### Problem description
Output, exactly and in full, only the lines from the one containing "new 2024 Chrysler" to the last line of the data. Pictures should not appear.

### Input data
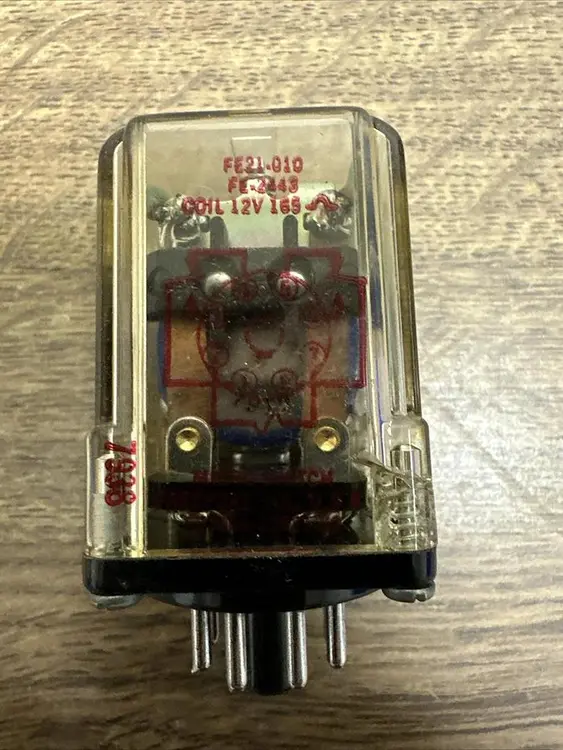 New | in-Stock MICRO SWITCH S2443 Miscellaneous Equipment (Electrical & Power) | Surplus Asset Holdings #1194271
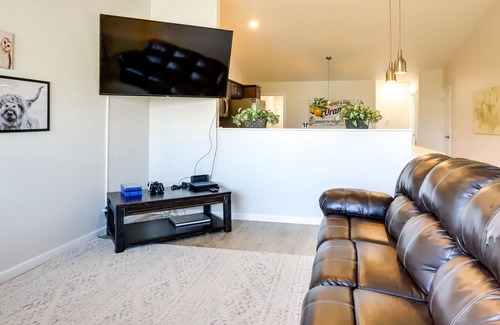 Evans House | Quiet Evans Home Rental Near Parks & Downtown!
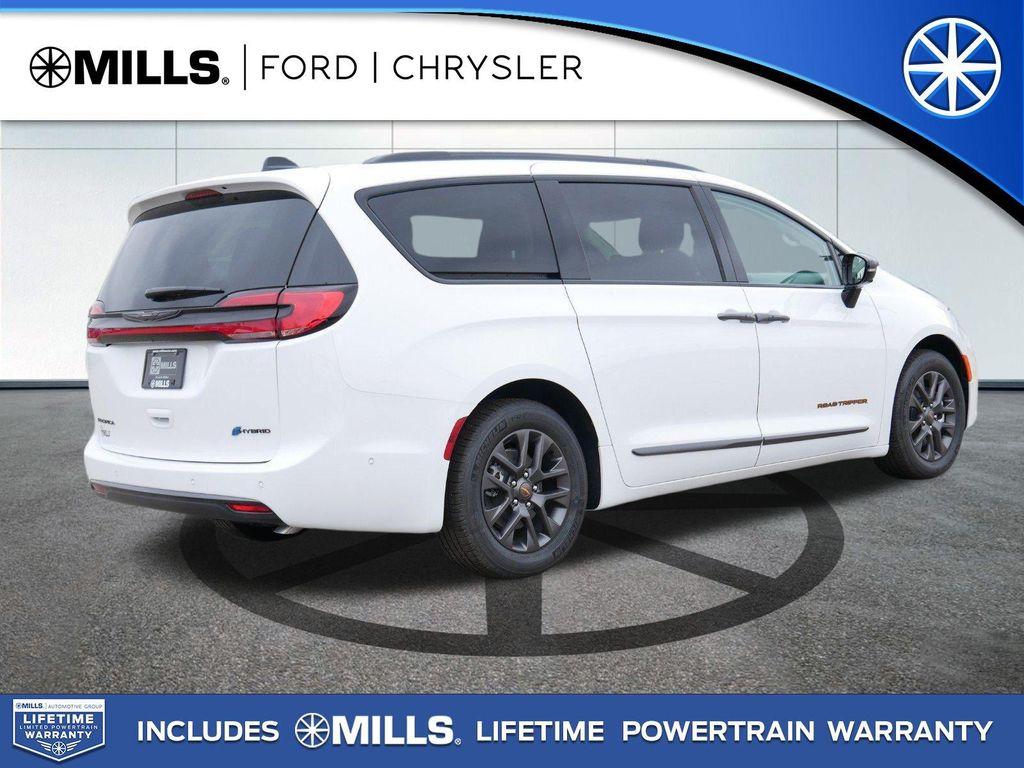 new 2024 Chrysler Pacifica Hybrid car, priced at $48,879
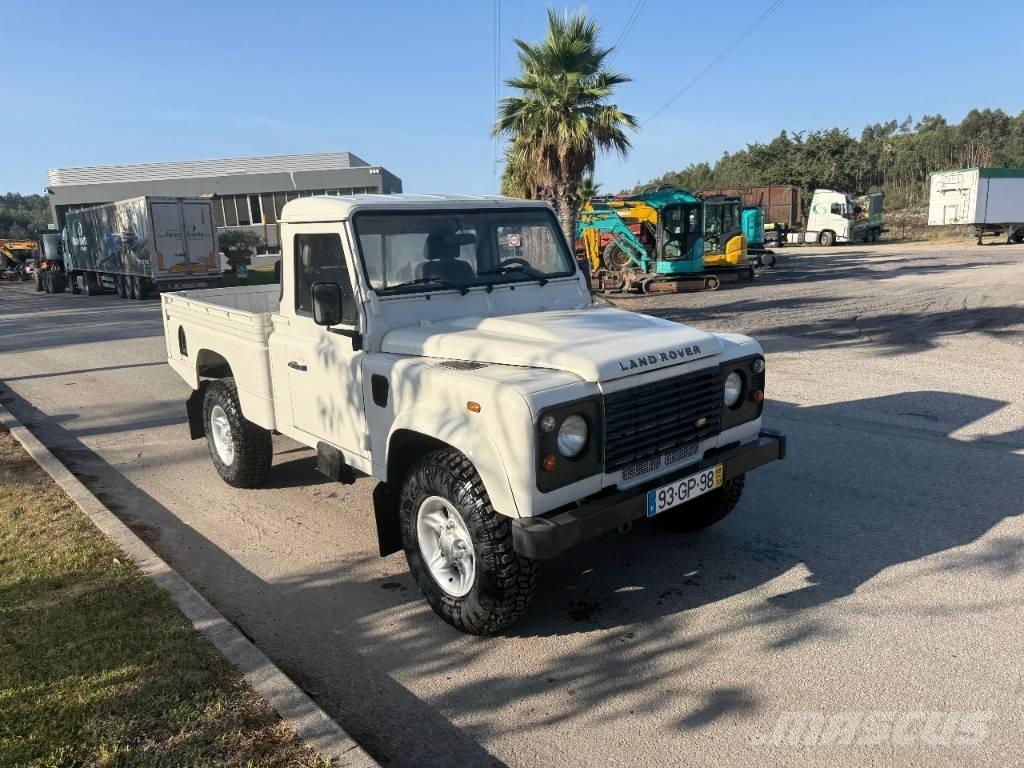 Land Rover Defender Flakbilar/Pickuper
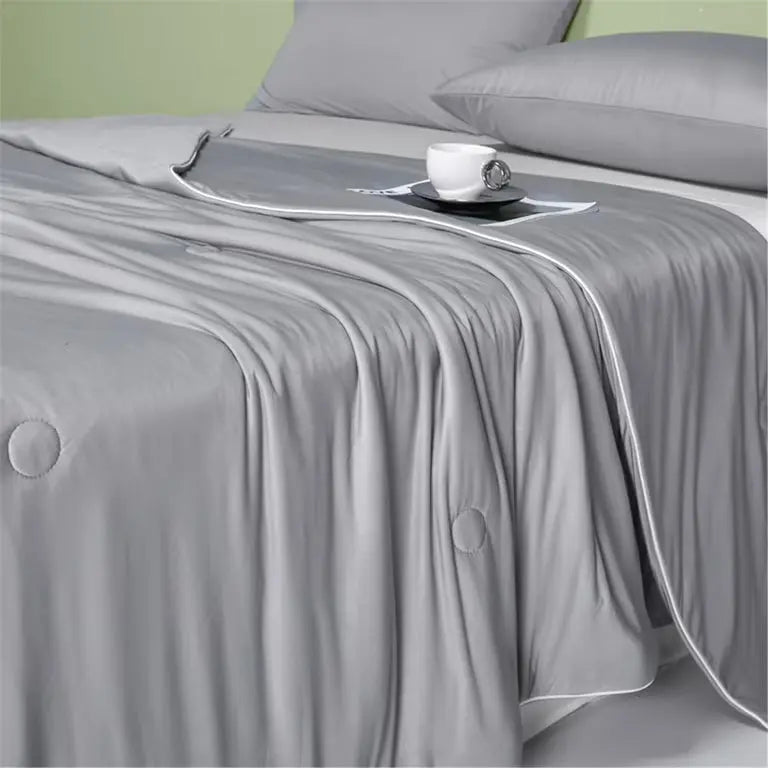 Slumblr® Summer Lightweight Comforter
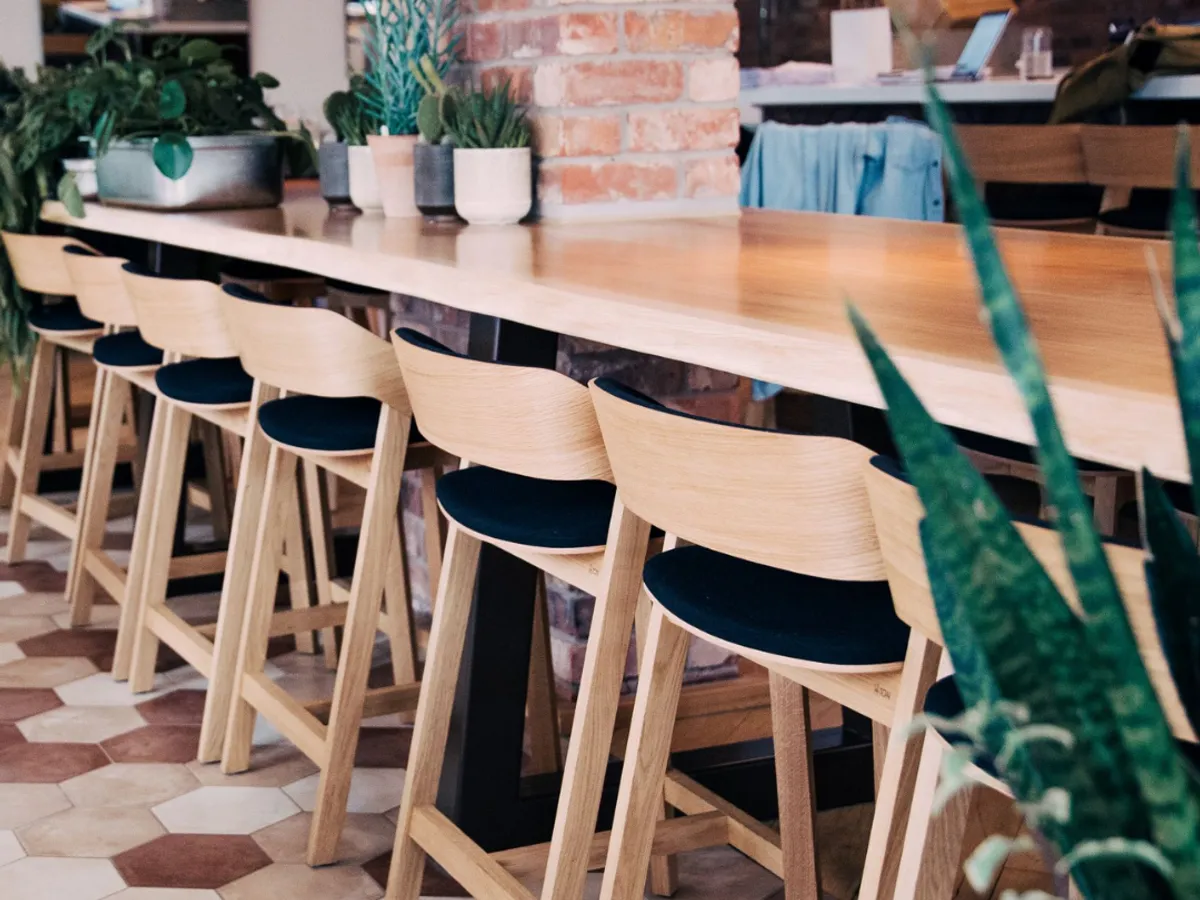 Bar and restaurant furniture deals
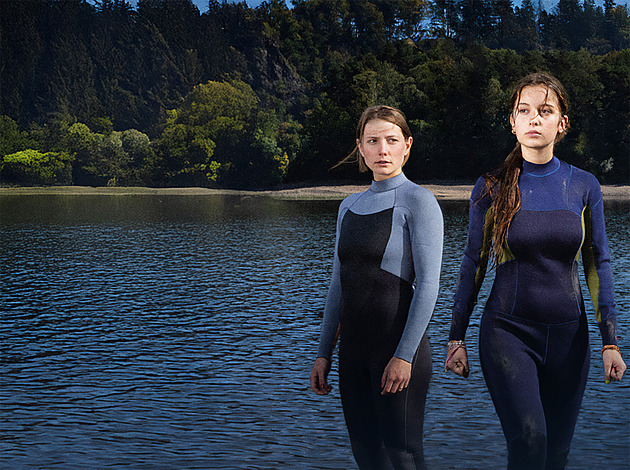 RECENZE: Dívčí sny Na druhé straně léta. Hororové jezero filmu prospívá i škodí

### Exercise result
 new 2024 Chrysler Pacifica Hybrid car, priced at $48,879
 Land Rover Defender Flakbilar/Pickuper
 Slumblr® Summer Lightweight Comforter
 Bar and restaurant furniture deals
 RECENZE: Dívčí sny Na druhé straně léta. Hororové jezero filmu prospívá i škodí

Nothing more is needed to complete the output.